Big businessmen and corporate companies have hijacked organic farming which we have been nourishing from many generations. In the same way, if millets also transform into a corporate farming, it will be a hard blow on our long earned heritage. In such a scenario, we feel it is better we celebrate this as a Chiru Raitula Samvatrasam (year of small farmers) instead of Chirudanyala Samvastram (year of millets). Government should recognize, take all measures and declare millets as a possession of small farmers.”
Millet Sisters is a celebration of the women who infused life into the concept of millets by cultivating, consuming and conserving this great civilisational contribution to the mankind.

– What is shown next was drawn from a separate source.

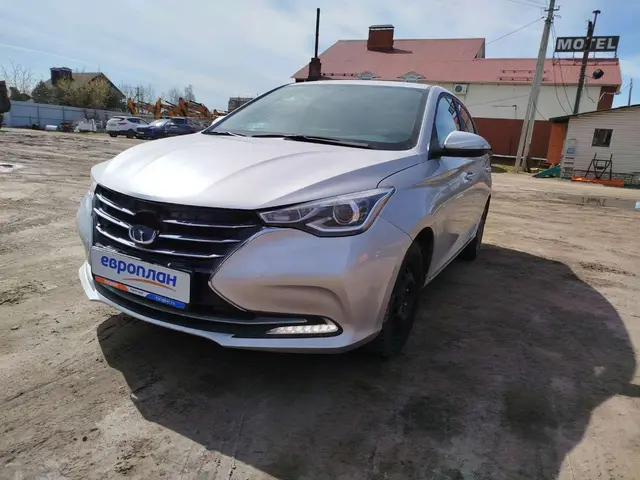 Changan Alsvin Комфорт 1.5 АТ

Deccan Development Society which was the earliest NGO in India to have thought and articulated the primacy of women as farmers will be the host to Millet Sisters. At a time when the developmental world in India still thought of ‘women in agriculture’ Deccan Development Society had started developing the articulation ‘Women are agriculture’. In eighties and nineties this understanding of how women are the soul of agriculture DDS through its daily interaction with women farmers began to realise the multiple dimensions of millets in contributing to this concept.

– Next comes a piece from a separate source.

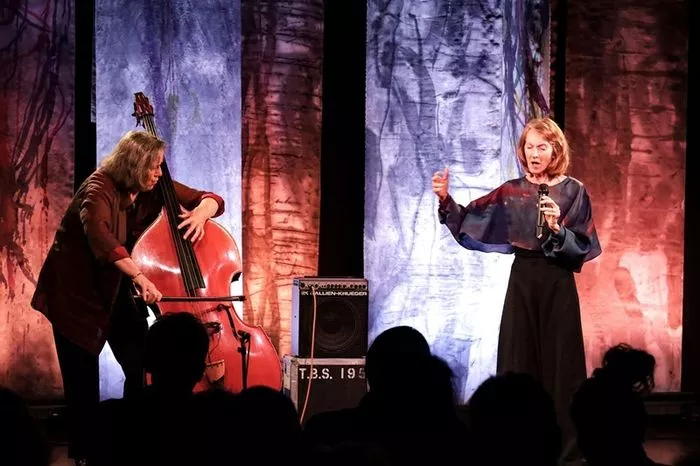 Saison Pannonica – Lauren Newton / Joëlle Léandre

Millets as ‘Miracle Grains’ that have held together food, farming and life itself across the three southern continents of South America, Africa and Asia present a profound meaning for Agricultural civilisations.
While more than 50 countries cultivate and consume millets in various forms across the globe, its political importance especially in India has always been severely undermined. This might be partly due to the fact that millets do not subsist on external industrial inputs such as hybrid and high yielding seeds, chemical fertilizers, irrigated water etc. Being least input demanding crop millets run against the high input=high output market logic. Therefore it leaves an anti corporate economics. These values of millets bring them closest to the eco-feminist philosophy.

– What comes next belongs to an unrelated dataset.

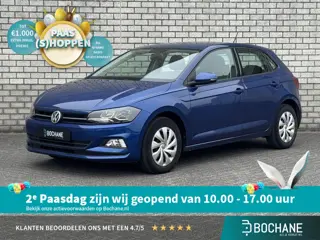 Volkswagen Polo 1.0 TSI Comfortline | Apple CarPlay / Android Auto | Navigatie | Parkeersensoren V +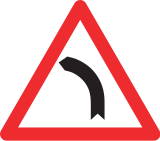 Linkskurve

Millet Sisters bases itself on these sterling principles of millets:
· They are resilient
· Life infusing
· Life sustaining
· Life generating
Millet Sisters in league with Millet Network of India a network established eight years ago to provide a higher profile to and advance the strong traditional ecological knowledge that women have in agriculture, particularly in the area of millet farming.
All India Millet Sisters Network which was launched in November 2016 by Ms Maneka Gandhi, Union Minister for Women and Child Welfare has about 5000 women farmers membership from across the country. DDS truly believes all these women symbolize ‘Nari Shakti’ and hence deserve this award.
While Millet Sisters celebrate this achievement , they want to reiterate their concerns through the pledge they made early this year in this context.
“Millets are our heritage crops. These ancestral crops have been providing us food for our homes, fodder for cattle and strength for our soils and are supporting our health.
Our millet based agriculture possess strength to sustain without irrigation and electricity.
We don’t need chemical fertilizers to cultivate our millets. We don’t use a drop of chemical pesticide.
We have abundant knowledge for this cultivation. Because of this we have been able to carry forward our self sustaining and sovereign agriculture for many generations. This is our heritage.
We are very happy to know that our Indian government is now marking efforts to make this a global heritage.
However we want to remind the government its responsibility to ensure that this International Year of Millets doesn’t go away from the control of small and women farmers like us.
Big businessmen and corporate companies have hijacked organic farming which we have been nourishing from many generations. In the same way, if millets also transform into a corporate farming, it will be a hard blow on our long earned heritage. In such a scenario, we feel it is better we celebrate this as a Chiru Raitula Samvatrasam (year of small farmers) instead of Chirudanyala Samvastram (year of millets). Government should recognize, take all measures and declare millets as a possession of small farmers.”